> _Data listing_:

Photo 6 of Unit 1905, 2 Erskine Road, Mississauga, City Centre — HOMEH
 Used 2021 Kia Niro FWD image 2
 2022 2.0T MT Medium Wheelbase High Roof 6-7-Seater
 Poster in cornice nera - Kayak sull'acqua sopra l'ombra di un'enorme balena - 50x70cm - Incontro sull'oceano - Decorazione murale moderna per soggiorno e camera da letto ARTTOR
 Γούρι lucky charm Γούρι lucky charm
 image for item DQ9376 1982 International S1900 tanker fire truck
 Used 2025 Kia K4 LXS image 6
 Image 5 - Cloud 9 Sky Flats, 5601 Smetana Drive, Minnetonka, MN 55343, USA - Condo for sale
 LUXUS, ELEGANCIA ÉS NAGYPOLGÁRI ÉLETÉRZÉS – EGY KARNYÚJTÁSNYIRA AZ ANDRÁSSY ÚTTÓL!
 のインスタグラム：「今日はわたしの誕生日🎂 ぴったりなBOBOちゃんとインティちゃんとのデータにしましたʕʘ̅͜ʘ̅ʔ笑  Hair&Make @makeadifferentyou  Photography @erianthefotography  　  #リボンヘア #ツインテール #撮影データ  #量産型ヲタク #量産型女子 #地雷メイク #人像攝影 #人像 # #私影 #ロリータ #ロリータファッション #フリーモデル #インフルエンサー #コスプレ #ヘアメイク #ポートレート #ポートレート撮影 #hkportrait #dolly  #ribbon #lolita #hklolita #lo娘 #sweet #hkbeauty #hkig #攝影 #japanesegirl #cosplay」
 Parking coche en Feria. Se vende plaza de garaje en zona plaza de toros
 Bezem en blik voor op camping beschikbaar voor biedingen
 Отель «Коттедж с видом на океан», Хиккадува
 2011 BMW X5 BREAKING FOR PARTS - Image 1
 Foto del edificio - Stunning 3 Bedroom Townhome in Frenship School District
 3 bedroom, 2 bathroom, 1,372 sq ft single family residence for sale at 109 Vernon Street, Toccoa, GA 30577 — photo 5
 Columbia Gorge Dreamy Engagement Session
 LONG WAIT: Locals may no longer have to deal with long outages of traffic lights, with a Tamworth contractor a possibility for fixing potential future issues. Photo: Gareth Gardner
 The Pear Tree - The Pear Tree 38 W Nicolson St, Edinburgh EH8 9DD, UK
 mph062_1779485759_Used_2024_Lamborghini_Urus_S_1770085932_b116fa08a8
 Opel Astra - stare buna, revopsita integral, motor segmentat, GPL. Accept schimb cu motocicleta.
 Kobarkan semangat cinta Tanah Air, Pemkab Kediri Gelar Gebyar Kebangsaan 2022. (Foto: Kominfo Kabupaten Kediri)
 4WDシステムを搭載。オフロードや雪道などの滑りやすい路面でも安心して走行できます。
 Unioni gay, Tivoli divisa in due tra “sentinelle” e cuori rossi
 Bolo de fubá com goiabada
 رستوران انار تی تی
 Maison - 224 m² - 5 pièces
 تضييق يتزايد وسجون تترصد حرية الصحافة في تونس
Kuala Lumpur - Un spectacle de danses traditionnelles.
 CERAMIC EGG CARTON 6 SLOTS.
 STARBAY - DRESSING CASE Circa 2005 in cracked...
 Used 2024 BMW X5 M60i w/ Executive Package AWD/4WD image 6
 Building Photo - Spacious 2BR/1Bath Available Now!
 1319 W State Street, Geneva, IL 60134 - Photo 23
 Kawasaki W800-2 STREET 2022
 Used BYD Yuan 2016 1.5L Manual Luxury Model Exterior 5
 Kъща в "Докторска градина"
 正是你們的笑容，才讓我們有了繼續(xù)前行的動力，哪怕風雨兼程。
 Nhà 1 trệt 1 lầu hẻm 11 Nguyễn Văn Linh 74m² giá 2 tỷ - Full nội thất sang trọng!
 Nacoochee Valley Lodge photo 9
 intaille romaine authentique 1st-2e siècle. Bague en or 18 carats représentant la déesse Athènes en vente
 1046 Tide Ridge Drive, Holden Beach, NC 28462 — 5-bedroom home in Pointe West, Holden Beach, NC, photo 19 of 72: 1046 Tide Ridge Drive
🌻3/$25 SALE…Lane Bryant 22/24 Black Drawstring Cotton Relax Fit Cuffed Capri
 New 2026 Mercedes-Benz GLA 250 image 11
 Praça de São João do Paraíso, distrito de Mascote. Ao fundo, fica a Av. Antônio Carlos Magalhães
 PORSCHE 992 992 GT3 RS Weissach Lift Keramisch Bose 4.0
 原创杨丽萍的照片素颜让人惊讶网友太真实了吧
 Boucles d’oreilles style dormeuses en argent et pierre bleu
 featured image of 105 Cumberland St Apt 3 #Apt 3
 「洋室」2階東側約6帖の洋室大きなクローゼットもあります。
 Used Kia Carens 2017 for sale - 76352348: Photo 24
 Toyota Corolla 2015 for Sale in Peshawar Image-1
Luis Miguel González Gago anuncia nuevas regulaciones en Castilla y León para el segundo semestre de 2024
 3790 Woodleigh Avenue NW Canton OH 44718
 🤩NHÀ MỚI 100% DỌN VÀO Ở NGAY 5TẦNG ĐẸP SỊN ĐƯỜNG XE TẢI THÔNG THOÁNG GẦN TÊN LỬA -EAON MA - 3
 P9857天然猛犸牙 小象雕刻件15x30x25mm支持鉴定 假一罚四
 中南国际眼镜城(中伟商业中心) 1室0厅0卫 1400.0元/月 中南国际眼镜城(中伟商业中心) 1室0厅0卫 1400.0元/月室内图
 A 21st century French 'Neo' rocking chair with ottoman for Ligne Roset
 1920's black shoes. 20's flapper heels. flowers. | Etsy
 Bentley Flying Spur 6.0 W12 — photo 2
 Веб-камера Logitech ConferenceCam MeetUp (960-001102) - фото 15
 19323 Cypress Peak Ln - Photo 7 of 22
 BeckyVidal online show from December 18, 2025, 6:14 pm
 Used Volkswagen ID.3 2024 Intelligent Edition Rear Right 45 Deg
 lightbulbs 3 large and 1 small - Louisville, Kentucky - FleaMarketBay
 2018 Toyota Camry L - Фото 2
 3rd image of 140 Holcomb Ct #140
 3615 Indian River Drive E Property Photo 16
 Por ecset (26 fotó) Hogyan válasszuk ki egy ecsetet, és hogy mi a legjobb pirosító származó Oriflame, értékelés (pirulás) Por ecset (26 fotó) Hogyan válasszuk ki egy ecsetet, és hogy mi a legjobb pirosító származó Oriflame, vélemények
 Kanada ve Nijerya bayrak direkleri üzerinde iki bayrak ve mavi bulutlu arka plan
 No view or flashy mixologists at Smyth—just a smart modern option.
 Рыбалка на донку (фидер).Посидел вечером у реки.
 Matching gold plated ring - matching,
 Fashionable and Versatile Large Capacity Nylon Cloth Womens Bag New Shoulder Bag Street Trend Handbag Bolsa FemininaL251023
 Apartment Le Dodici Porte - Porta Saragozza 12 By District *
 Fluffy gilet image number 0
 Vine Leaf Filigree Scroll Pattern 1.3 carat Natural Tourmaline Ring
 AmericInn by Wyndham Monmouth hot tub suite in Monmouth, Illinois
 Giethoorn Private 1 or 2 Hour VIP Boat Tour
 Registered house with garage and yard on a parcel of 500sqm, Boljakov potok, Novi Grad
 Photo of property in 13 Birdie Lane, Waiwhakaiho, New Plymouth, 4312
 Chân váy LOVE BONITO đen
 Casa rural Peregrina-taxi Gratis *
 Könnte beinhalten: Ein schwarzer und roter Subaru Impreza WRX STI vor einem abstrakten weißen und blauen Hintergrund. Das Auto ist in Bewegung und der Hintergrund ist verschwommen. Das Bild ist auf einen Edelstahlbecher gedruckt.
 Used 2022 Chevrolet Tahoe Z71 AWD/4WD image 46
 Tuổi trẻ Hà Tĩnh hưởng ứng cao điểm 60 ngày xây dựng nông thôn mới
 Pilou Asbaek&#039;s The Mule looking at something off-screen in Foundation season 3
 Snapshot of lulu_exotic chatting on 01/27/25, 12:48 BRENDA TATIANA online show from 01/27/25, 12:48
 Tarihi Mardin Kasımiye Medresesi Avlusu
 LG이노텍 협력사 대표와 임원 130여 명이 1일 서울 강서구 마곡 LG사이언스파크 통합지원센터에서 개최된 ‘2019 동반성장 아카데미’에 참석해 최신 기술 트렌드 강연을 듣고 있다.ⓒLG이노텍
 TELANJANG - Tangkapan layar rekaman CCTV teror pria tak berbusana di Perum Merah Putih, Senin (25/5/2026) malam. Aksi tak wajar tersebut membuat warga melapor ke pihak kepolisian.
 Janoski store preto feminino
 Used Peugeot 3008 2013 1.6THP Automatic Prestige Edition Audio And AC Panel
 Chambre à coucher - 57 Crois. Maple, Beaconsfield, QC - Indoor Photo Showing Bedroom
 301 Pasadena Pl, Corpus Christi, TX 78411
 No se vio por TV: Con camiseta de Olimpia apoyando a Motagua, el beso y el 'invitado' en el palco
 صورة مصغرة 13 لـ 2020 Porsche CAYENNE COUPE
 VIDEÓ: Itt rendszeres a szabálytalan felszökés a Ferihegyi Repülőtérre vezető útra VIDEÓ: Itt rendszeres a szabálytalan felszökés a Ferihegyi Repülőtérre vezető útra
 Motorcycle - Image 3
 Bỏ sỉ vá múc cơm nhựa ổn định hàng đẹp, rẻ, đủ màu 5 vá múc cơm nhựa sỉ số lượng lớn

> _Brief_: In the data above, find the line with "PORSCHE 992 992" and the line with "BeckyVidal online show". Retype both, plus every line between them, exactly.

> _Task solution_:
 PORSCHE 992 992 GT3 RS Weissach Lift Keramisch Bose 4.0
 原创杨丽萍的照片素颜让人惊讶网友太真实了吧
 Boucles d’oreilles style dormeuses en argent et pierre bleu
 featured image of 105 Cumberland St Apt 3 #Apt 3
 「洋室」2階東側約6帖の洋室大きなクローゼットもあります。
 Used Kia Carens 2017 for sale - 76352348: Photo 24
 Toyota Corolla 2015 for Sale in Peshawar Image-1
Luis Miguel González Gago anuncia nuevas regulaciones en Castilla y León para el segundo semestre de 2024
 3790 Woodleigh Avenue NW Canton OH 44718
 🤩NHÀ MỚI 100% DỌN VÀO Ở NGAY 5TẦNG ĐẸP SỊN ĐƯỜNG XE TẢI THÔNG THOÁNG GẦN TÊN LỬA -EAON MA - 3
 P9857天然猛犸牙 小象雕刻件15x30x25mm支持鉴定 假一罚四
 中南国际眼镜城(中伟商业中心) 1室0厅0卫 1400.0元/月 中南国际眼镜城(中伟商业中心) 1室0厅0卫 1400.0元/月室内图
 A 21st century French 'Neo' rocking chair with ottoman for Ligne Roset
 1920's black shoes. 20's flapper heels. flowers. | Etsy
 Bentley Flying Spur 6.0 W12 — photo 2
 Веб-камера Logitech ConferenceCam MeetUp (960-001102) - фото 15
 19323 Cypress Peak Ln - Photo 7 of 22
 BeckyVidal online show from December 18, 2025, 6:14 pm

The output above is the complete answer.